He completed some major renovations so that the palace would more closely resemble the modern structures he saw during his travels. He stuccoed the entire lava rock exterior and plastered over the koa-paneled walls. He felt that the palace was outdated and that these renovations were necessary so that Hawai’i could portray itself to the world as a modern society.
Other changes included enlarging the lanais, and hanging crystal chandeliers, like those he had seen in the United States and Europe, in the entry ways. The ceiling of the palace was given an ornamental cornice and gold leaf picture molding was added in some of the rooms.
Kalākaua felt that these larger and more modern palaces were more comparable to those that he saw when he was abroad, and that they were better suited for the aliʻi to live in. (During the renovation he also demolished Princess Ruth’s grass house that still stood on the property.)
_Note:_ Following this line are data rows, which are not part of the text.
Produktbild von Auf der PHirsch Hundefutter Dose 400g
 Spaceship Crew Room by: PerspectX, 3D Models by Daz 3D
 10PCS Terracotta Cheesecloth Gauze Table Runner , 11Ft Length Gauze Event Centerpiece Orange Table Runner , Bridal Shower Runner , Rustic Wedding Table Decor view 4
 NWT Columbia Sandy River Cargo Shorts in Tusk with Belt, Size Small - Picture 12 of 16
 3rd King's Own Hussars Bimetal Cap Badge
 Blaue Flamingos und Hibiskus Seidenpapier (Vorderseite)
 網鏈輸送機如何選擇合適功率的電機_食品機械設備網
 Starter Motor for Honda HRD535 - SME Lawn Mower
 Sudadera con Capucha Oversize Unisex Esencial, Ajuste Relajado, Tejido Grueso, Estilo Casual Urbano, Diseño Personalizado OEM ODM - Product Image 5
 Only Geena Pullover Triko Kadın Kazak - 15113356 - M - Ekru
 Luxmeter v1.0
The same year he finished renovation to Huliheʻe (1887,) Kalākaua, under threat of force, signed the ‘Bayonet Constitution.’ The King spent the majority of his time at Huliheʻe Palace after he signed the new constitution.
He continued to make improvements to Huliheʻe while living there and had a telephone line installed in the palace in 1888, which was one of the first telephones on the island of Hawai’i. He continued to entertain foreign visitors at the palace.
In 1889 the Prince and Princess Henri de Bourbon, members of the Austrian royal family, visited the palace and were entertained by the King. Kalākaua died in 1891 and his wife, Queen Kapiʻolani, inherited the palace. Kapiʻolani resided at Huliheʻe throughout the period of the subsequent overthrow.
Upon her death in 1899, the property went to her nephews, Prince Jonah Kūhiō Kalanianaʻole and Prince David Kawānanakoa. Fifteen years after the Princes inherited the palace they sold it to a wealthy woman, Mrs Bathsheba Alien, for $8,600. (She died just one month after the transaction.)
For years the property sat vacant and eventually fell into a state of disrepair. In 1925, the Territory of Hawaiʻi purchased the property then turned it over to the Daughters of Hawaiʻi to run it as a museum (which they continue to do today.)